In our example, the "join keys" are the values of "age_category", but "Titanic_male" includes a passenger who is 80+ years of age, while there is no such passenger in "Titanic_female". With an inner join or a left join, we will lose this data; to include it, we must choose a right join or an outer join. The surest way to include all data is to use an outer join.
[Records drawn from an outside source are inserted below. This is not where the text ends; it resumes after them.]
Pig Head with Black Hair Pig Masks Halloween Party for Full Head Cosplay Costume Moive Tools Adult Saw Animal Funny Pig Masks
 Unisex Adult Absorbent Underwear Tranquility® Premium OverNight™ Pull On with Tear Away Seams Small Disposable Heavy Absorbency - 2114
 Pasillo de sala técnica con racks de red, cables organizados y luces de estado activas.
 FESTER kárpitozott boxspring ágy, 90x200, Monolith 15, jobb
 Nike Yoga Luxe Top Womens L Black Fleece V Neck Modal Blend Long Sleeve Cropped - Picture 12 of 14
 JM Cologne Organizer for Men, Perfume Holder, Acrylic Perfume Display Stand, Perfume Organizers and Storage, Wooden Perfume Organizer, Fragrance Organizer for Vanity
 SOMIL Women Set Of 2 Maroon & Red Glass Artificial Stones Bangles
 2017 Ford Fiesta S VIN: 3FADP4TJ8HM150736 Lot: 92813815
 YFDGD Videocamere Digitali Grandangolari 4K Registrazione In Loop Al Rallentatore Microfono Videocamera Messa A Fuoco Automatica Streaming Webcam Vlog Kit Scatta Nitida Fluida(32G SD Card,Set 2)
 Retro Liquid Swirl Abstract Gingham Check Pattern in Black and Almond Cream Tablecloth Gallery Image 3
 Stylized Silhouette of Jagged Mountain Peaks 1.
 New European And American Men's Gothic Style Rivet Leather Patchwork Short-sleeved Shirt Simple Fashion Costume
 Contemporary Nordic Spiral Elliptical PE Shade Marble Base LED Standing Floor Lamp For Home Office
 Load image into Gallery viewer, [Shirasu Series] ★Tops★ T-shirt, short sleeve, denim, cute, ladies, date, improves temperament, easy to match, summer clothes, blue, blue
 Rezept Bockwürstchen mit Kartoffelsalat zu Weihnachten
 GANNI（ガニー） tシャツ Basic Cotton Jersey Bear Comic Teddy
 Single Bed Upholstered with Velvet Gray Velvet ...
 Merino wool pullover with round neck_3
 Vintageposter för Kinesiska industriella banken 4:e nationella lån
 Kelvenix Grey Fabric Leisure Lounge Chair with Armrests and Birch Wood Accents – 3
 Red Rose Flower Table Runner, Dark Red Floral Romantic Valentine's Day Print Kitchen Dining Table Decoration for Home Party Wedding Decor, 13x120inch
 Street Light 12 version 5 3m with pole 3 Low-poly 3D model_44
  • Merge With - "Titanic_male", since our starting point was "Titanic_female"
  • Merge Type - "Outer join", so no data is lost
  • Join Keys - "age_category"

Click on Remove3. Notice that "Titanic_merged" includes rows where the "age_category" is missing. You can delete them by clicking on "age_category", followed by Filter3 > Filter > "is not missing".

Cara menggunakan python automated data cleaning

Additional actions (⋯)

What's left to do? We've succeeded in generating a pivot table for survival rate on the Titanic, measuring the impact of "Sex", "Passenger Class", and "Age", with the results now contained in a single table.

The additional actions menu (⋯) on the top right of the Data view gives some hints.

Cara menggunakan python automated data cleaning

Export

You can save the final pivot table to a file or to a RapidMiner repository. The available file formats include Excel (.xlsx), CSV (.csv), and Qlik (.qvx).

History

You can examine the history of your data preparation, roll back to an earlier step, and make changes.

Cara menggunakan python automated data cleaning

Model

It's not relevant in our current example, but if a new version of the data set were generated once weekly, we could generate a weekly summary table by saving our work as a RapidMiner process, then feeding the new data sets to that process.

3 metode cara langkah langkah data cleaning?

Cara melakukan data cleaning.
Mendeteksi error. Langkah awal yang harus dilakukan adalah memantau notifikasi error atau corrupt. ... .
2. Hapus duplikat data atau data yang tidak perlu. ... .
Perbaiki kesalahan struktur. ... .
4. Filter outlier yang tidak diinginkan. ... .
Tangani data yang hilang. ... .
6. Validasi dan lakukan QA..

Apakah fungsi data cleaning dalam python?

Data cleansing atau data cleaning merupakan suatu proses mendeteksi dan memperbaiki (atau menghapus) suatu record yang 'corrupt' atau tidak akurat berdasarkan sebuah record set, tabel, atau database.

Apa yang harus dilakukan dalam proses data cleaning?

Langkah-langkah utama pembersihan data, meliputi memodifikasi dan menghapus bidang data yang salah dan tidak lengkap, mengidentifikasi dan menghapus informasi duplikat dan data yang tidak terkait, serta mengoreksi format, nilai yang hilang, dan kesalahan ejaan.

Jelaskan apa yang dimaksud dengan cleaning data?

Data cleansing adalah suatu proses mendeteksi dan memperbaiki (atau menghapus) data set, tabel, dan database yang korup atau tidak akurat.